Dejé a Jesse borracho y furioso en su ático el domingo pasado. No he sabido nada de él desde que me marché y lo abandoné gritando y trastabillando. No ha habido llamadas, ni mensajes, ni flores... Nada.
Sam sigue frecuentando semidesnudo la casa de Kate, pero sabe que no debe mencionarme a Jesse, de modo que calla y mantiene la distancia conmigo. Mi presencia debe de resultar incómoda en estos momentos. ¿Cómo es posible que un hombre al que conozco desde hace apenas unas semanas haga que me sienta de esta manera? Y no obstante, en este poco tiempo he descubierto que es intenso, apasionado y controlador, pero también tierno, cariñoso y protector. Lo echo mucho de menos, pero no a la persona borracha y vacía a la que me enfrenté la última vez. Ése no era el hombre del que me he enamorado, pero ese breve intercambio de insultos no consiguió borrar las semanas que vivimos antes de ese funesto domingo que pasamos solos. Prefiero mil veces su carácter frustrante y provocador a la desagradable imagen de verlo bebido. Por extraño que parezca, también echo de menos esos rasgos exasperantes de su personalidad. Ni siquiera he pensado en La Mansión ni en lo que representa. Prácticamente ha perdido toda importancia. Al parecer, que Jesse hubiera
vuelto a beber fue culpa mía. Arrastrando las palabras me recordó que ya me había advertido de que habría graves consecuencias si lo dejaba. Y es verdad, lo había hecho. Pero no me explicó qué clase de consecuencias ni por qué. Era otro de sus misteriosos acertijos, y no me dio más detalles. Debería haber insistido, pero me encontraba demasiado ocupada dejándome absorber por él. Estaba ebria de lujuria y sumida en su intensidad, todo me daba igual. Él me consumía por completo.Nunca imaginé que fuese el señor de La Mansión del Sexo y, desde luego, nunca imaginé que fuese alcohólico. Estaba completamente ciega.
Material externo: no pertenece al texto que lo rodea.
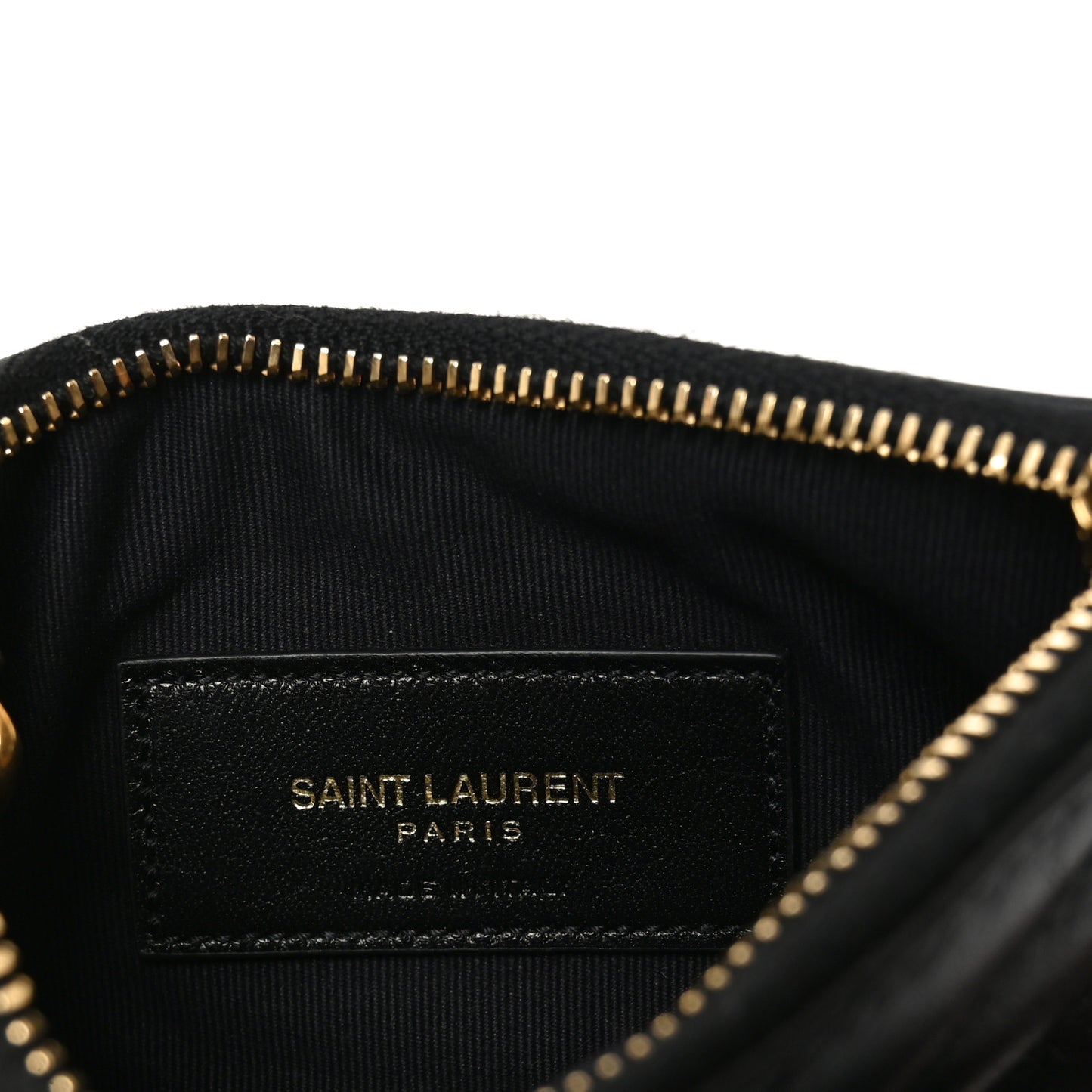 Calfskin Matelasse Monogram Key Pouch Black
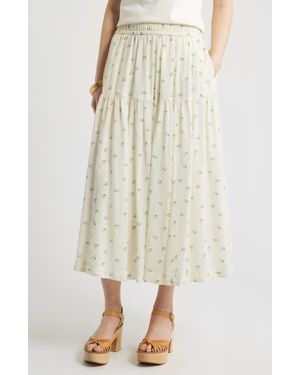 Treasure & Bond Smocked Waist Cotton Maxi Skirt - Natural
He tenido suerte de haber esquivado las posibles preguntas de Patrick respecto al proyecto del señor Ward. Cuando una suma de cien mil libras apareció en la cuenta bancaria de Rococo Union por cortesía del señor Ward me sentí inmensamente agradecida. Con tanto dinero pagado por adelantado podía decirle a Patrick que el señor Ward había tenido que marcharse al extranjero por una cuestión de negocios y que eso retrasaría el proyecto. Sé que tendré que hacer frente a
este tema, pero ahora mismo no tengo fuerzas, y no sé cuándo lograré reunirlas. Quizá nunca. La pobre Kate se ha estado esforzando mucho para sacarme de este agujero negro en el que me he metido. Ha intentado mantenerme ocupada con clases de yoga, llevándome de copas y decorando
tartas, pero como mejor me siento es pudriéndome en la cama. Viene a comer conmigo todos los días, aunque yo no tomo nada. Bastante me cuesta limitarme a tragar sin tener que pasar comida a través del nudo constante que tengo en la garganta. Lo único que espero con ansia en estos momentos es mi paseo matutino. Apenas duermo, así que obligarme a salir de la cama a las cinco de la mañana todos los días es relativamente fácil.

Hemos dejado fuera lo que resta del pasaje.